== Work request ==
Using the listing below, retype only the lines from the line with "Dormitori de Apartament" through the end, both ends included, and exclude the pictures.

== Input data ==
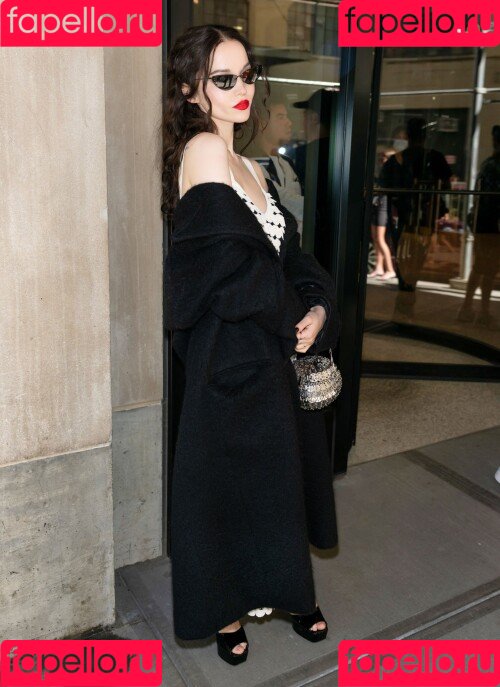 Dove Cameron Onlyfans Photo Gallery 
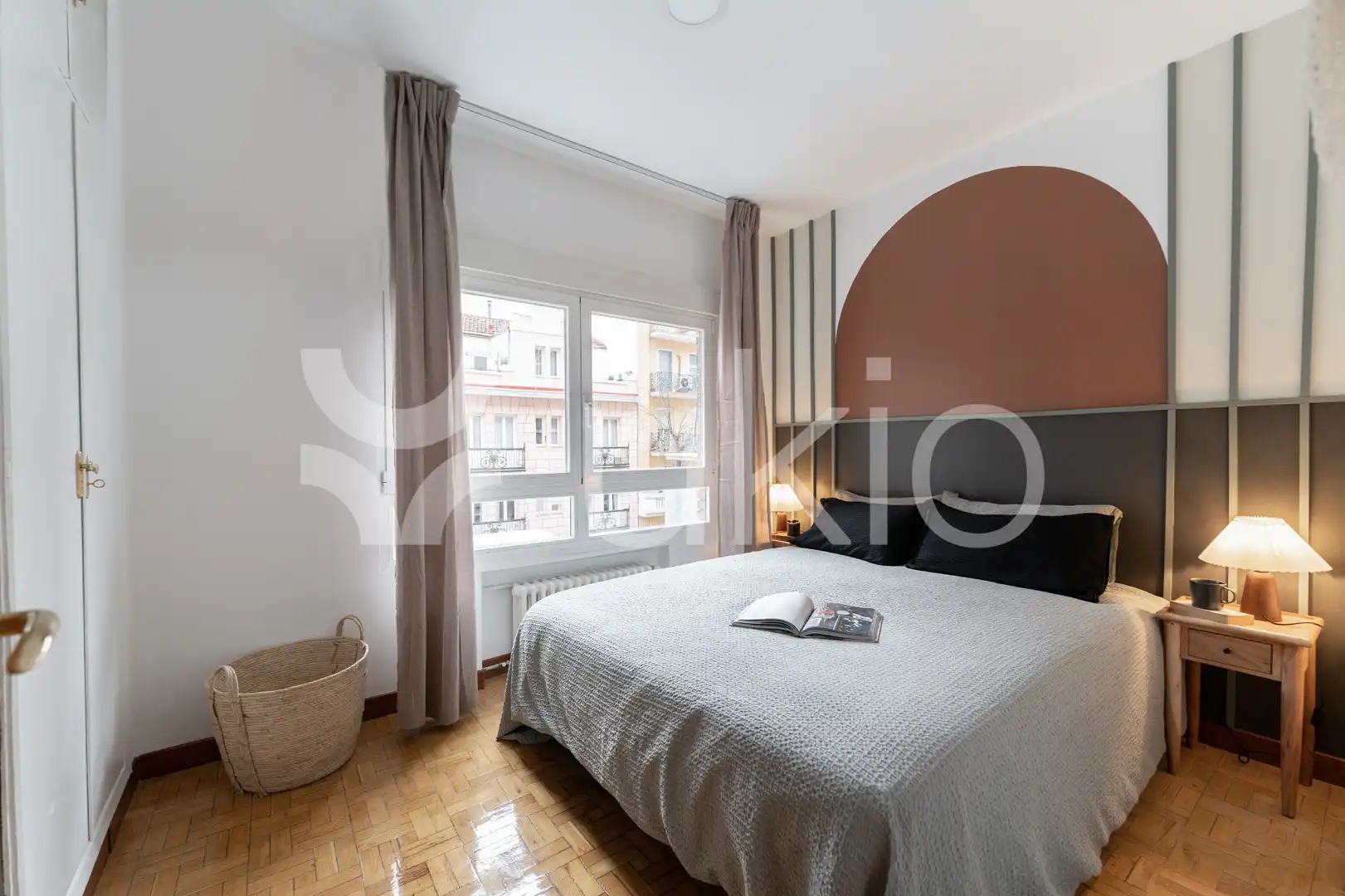 Dormitori de Apartament de lloguer en Madrid amb Aire condicionat, Calefacció i Terrassa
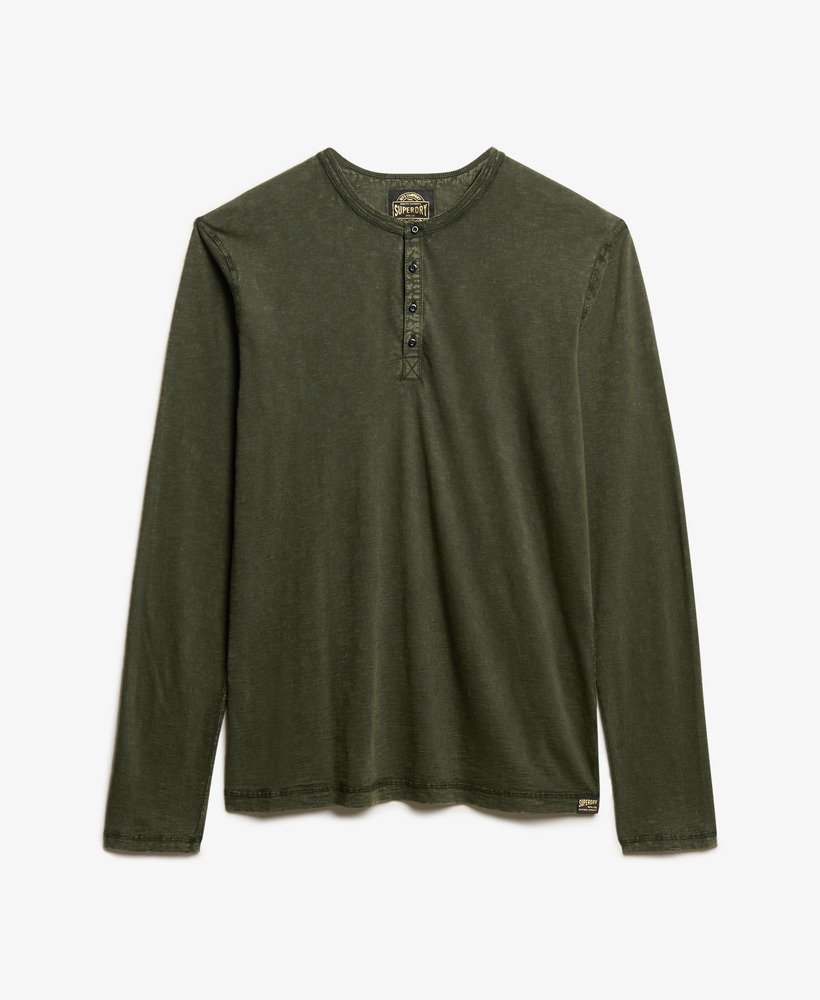 camisa de manga comprida estilo avô em malha na cor verde oliva da surplus goods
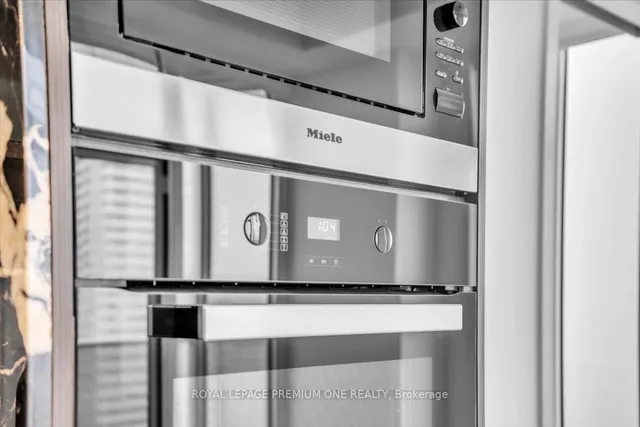 Additional image 15 of 11 Yorkville Ave Unit 6007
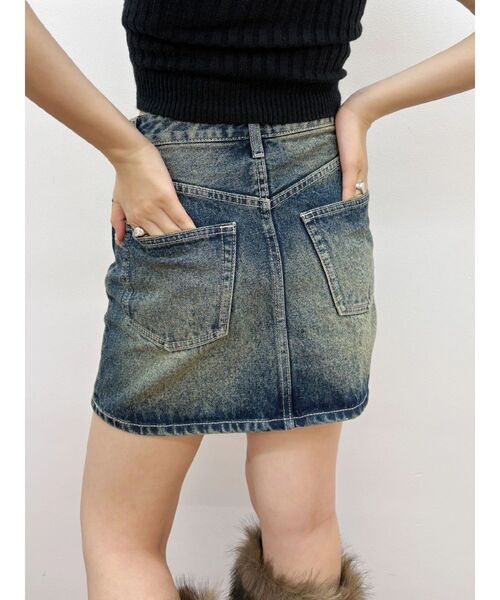 EVRIS(エヴリス)の「スリーブデザインデニムミニスカート(デニムスカート・レディース・インディゴブルー/ブラック・MEDIUM/SMALL)」の18枚目の写真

== Exercise answer ==
 Dormitori de Apartament de lloguer en Madrid amb Aire condicionat, Calefacció i Terrassa
 camisa de manga comprida estilo avô em malha na cor verde oliva da surplus goods
 Additional image 15 of 11 Yorkville Ave Unit 6007
 EVRIS(エヴリス)の「スリーブデザインデニムミニスカート(デニムスカート・レディース・インディゴブルー/ブラック・MEDIUM/SMALL)」の18枚目の写真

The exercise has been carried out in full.